Offense Doesn't Win Championships, Yet
February 2
New York Times columnist William C. Rhoden

"More than any recent championship game, the pairing of the Pittsburgh Steelers and the Arizona Cardinals in Super Bowl XLIII posed a great matchup and a timeless question that went to the heart of football: Can a great high-yield offense defeat a great low-yield defense?

At the end of Sunday's hard-fought game, the answer was no.

But only by a hair.

In a second consecutive Super Bowl classic, Pittsburgh defeated Arizona, 27-23.

Arizona entered Sunday's game with the N.F.L.'s fourth-ranked offense and the highest-scoring offense in the postseason. Pittsburgh had the league's top-ranked defense and had allowed the fewest points in the league.

But on Sunday, there were none of the devastating Steelers hits that marked their route to Tampa. In fact, for most of the second half it was the Steelers' vaunted defense that took big hits from the Cardinals' high-octane offense.

At a time when passing offense is on the rise, new rules and the modification of old ones are being considered that will favor offense. Just as baseball owners famously encouraged home runs (at all cost) to bring back fans to the ball park, N.F.L. owners seem inclined to promote high-scoring, wide-open passing attacks to keep the turnstiles whizzing during an economic downturn.

Shut out and blanketed for most of the first half, Larry Fitzgerald, the Cardinals' outstanding receiver, broke out in the second half. Fitzgerald proved that at least half the equation wasn't accurate as even the great Pittsburgh great defense couldn't stop him.
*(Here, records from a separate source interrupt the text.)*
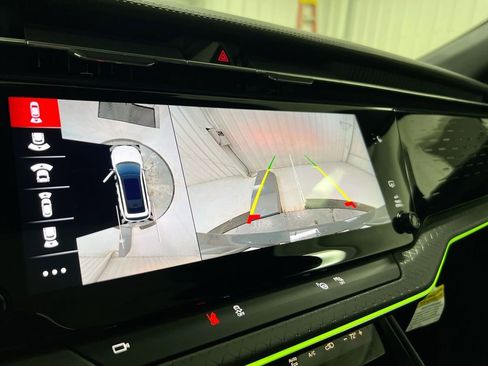 New 2025 Jeep Wagoneer S Limited image 16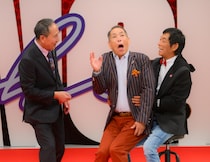 ザ・ぼんち“55周年”ライブに盟友・明石家さんまがサプライズ登場で場内騒然!! メッセンジャー黒田とのコラボ漫才はおさむの暴走で…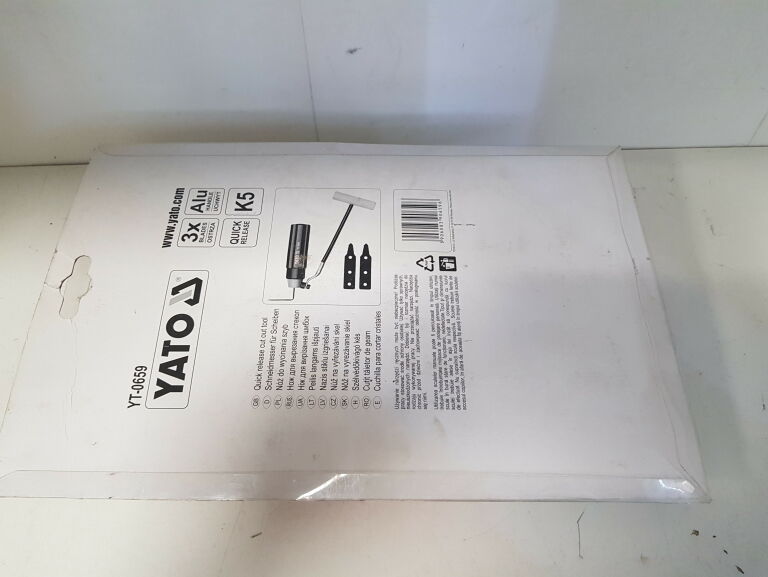 NÓŻ DO WYCINANIA SZYB YATO YT-0659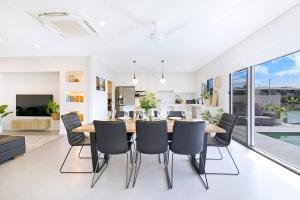 A seating area at 'Infinity's Edge' Darwin Luxury Waterfront Oasis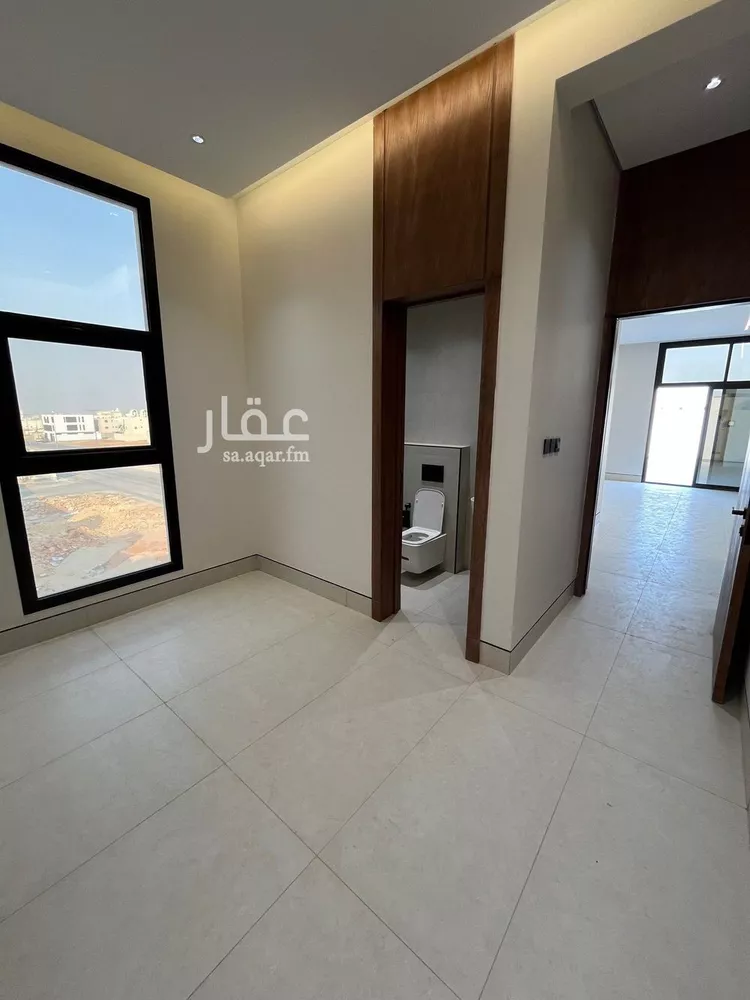 فيلا للبيع في شارع أبي الشيخ الأصبهاني, حي المهدية, مدينة الرياض, منطقة الرياض 28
Fitzgerald scored twice in the stretch of five minutes in the fourth quarter. His last touchdown, a 64-yard strike from Warner with 2 minutes 37 seconds left, completed a rousing comeback that gave Arizona a lead late in the fourth quarter.

As Mike Tomlin said after the game: "Steeler football is 60 minutes; it's never going to be pretty."

The Steelers' offense, hardly regarded in Arizona's class, began a game-winning drive that gave Pittsburgh a record sixth Super Bowl championship.

Receiver Santonio Holmes was named the most valuable player, but it was the Steelers' defense that made the play that set the tone for the victory.

Trailing by 10-7, Warner led the Cardinals' offense, battered and bottled up, to the Steelers 1 with 18 seconds left in the first half. In one back-breaking play, Steelers linebacker James Harrison illustrated how a great defense, a great defensive play and a great defender can turn the tide.

Harrison, the Associated Press defensive player of the year, intercepted a Warner pass and returned it 100 yards - for the longest play in Super Bowl history - diving into the end zone with no time left on the clock.

"I was just trying to get to the other side and score seven," he said. "It was very tiring."

Harrison added, "I was just thinking that I had to do whatever I could do to get into the end zone."